> The input

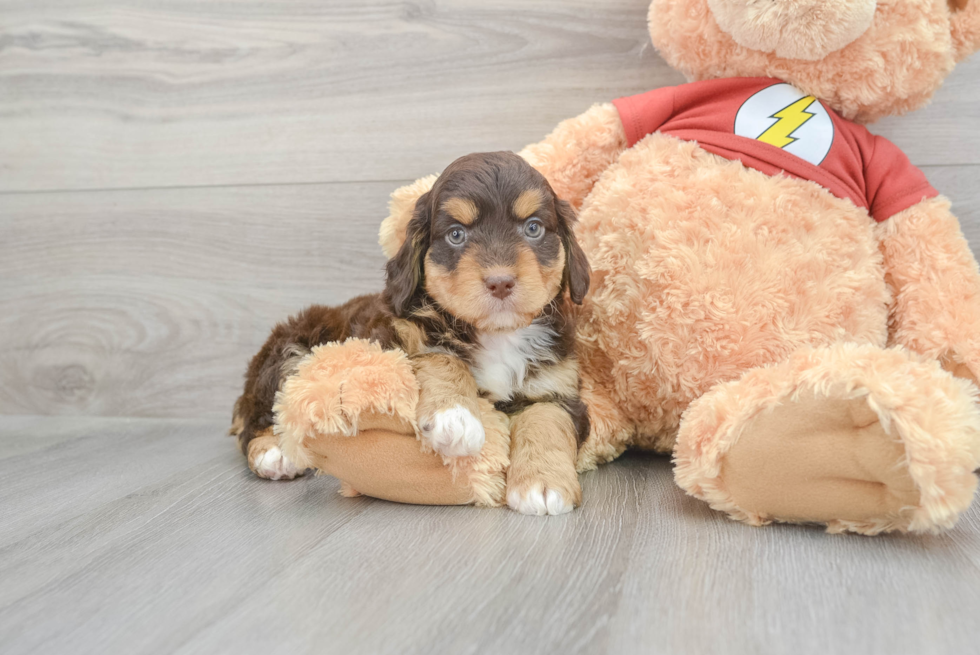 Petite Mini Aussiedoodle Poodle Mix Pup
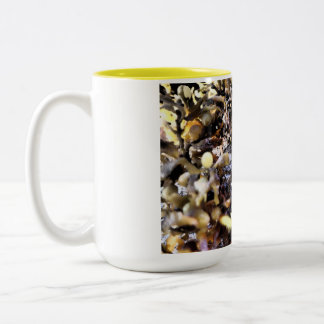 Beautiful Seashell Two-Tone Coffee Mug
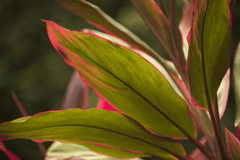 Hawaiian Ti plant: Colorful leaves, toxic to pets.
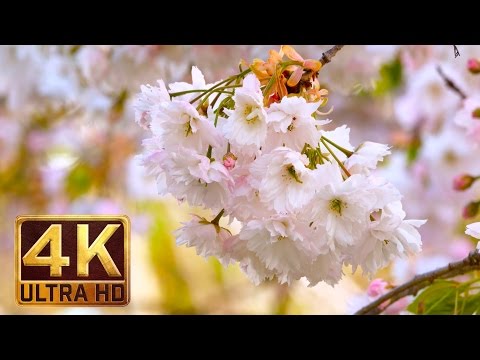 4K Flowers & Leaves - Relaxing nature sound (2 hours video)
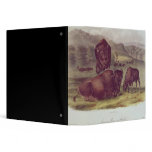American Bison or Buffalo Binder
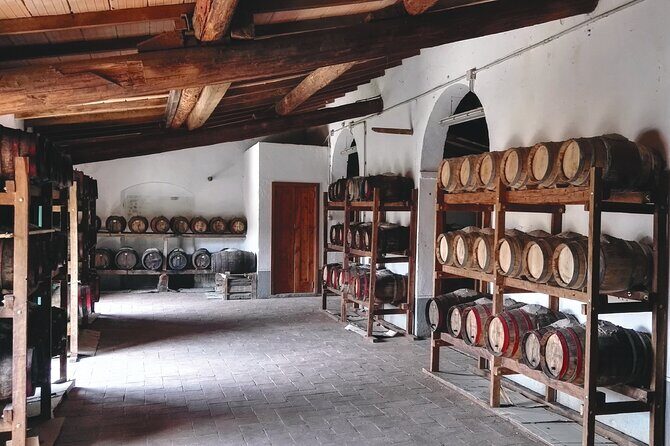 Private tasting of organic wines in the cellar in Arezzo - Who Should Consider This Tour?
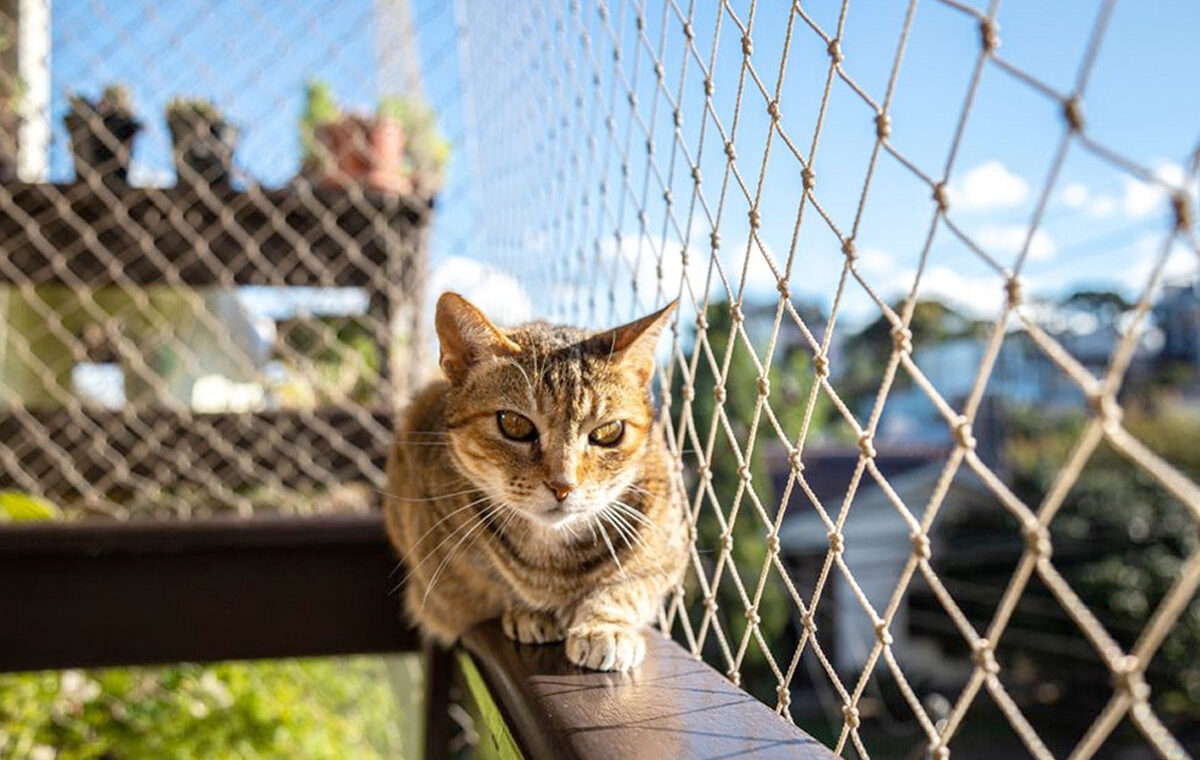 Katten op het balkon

> The problem
Give back the full listing exactly, with pictures dropped.

> Result of the task
 Petite Mini Aussiedoodle Poodle Mix Pup
 Beautiful Seashell Two-Tone Coffee Mug
 Hawaiian Ti plant: Colorful leaves, toxic to pets.
 4K Flowers & Leaves - Relaxing nature sound (2 hours video)
American Bison or Buffalo Binder
 Private tasting of organic wines in the cellar in Arezzo - Who Should Consider This Tour?
 Katten op het balkon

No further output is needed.